The pageant's website (missamerica.org) goes even further, employing a quote from Frederick Hickman, president of the Atlantic City Chamber of Commerce when the Miss America competition was established in 1921, to set the tone.

"Miss America represents the highest ideals," he said. "She is a real combination of beauty, grace and intelligence, artistic and refined. She is a type which the American Girl might well emulate."

Those ideals apparently served the pageant well through its first 50 years -- though, according to pageantcenter.com ("Your leading pageant resource," as it bills itself), even the Miss America competition was not immune to controversy. In 1948, for instance, pageant director Lenora Slaughter announced that year's winner would be crowned while wearing a gown instead of the traditional swimsuit.

The outraged reporters covering the event -- presumably, a male-dominated lot -- responded by threatening a boycott, though their attempt at throwing their weight around backfired shortly thereafter when they were ordered to get back to work by their editors. Anarchy was avoided when a compromise was struck: The winner was crowned in a gown, while the runners-up wore swimsuits. Journalistic integrity, or what passed for it in those days, had been preserved.

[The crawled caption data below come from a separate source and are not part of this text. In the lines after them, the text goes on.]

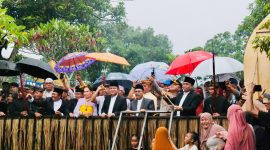 Dengan memanfaatkan payung, warga menyaksikan prosesi budaya perang Topat di pura - kemaliq Lingsar Minggu 15 Desember 2024 (DSHD )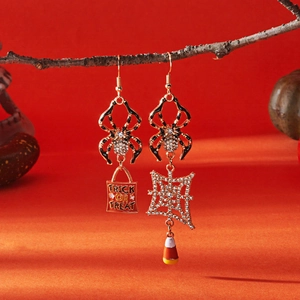 Detailed Halloween earrings featuring spiders and candy bags on orange background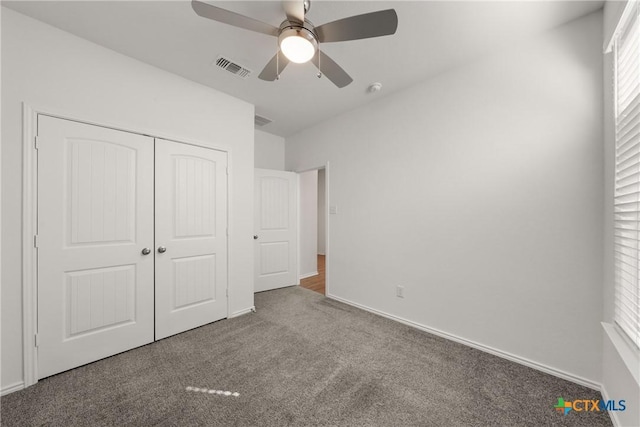 unfurnished bedroom featuring carpet flooring, ceiling fan, and a closet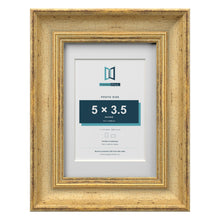 Cassis Gold 7 x 5 inch picture frame with a white mount for a 5 x 3.5 inch photo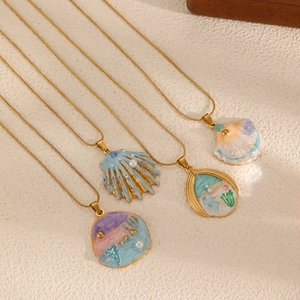 Marine style stainless steel necklace with ocean shell pendant and fine pearl inlay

Other controversies followed periodically. The pageant did not welcome its first African-American contestants until the 1970s, and in 1968, a feminist protest on the boardwalk outside the pageant hall drew the attention of the FBI's anti-riot squad, according to pageantcenter.com.

Still, none of that seemed to affect the popularity of the pageant itself, which annually ranked as the highest-rated television program of the year throughout much of the 1960s. Those were heady days for the pageant, as it achieved a prominence in American culture it would never recapture, once attitudes began to change in the 1980s.

Merchant acknowledged that shift.

"The days when it was on all three networks and everyone sat around their TV on Saturday night and watched Miss America are over," she said.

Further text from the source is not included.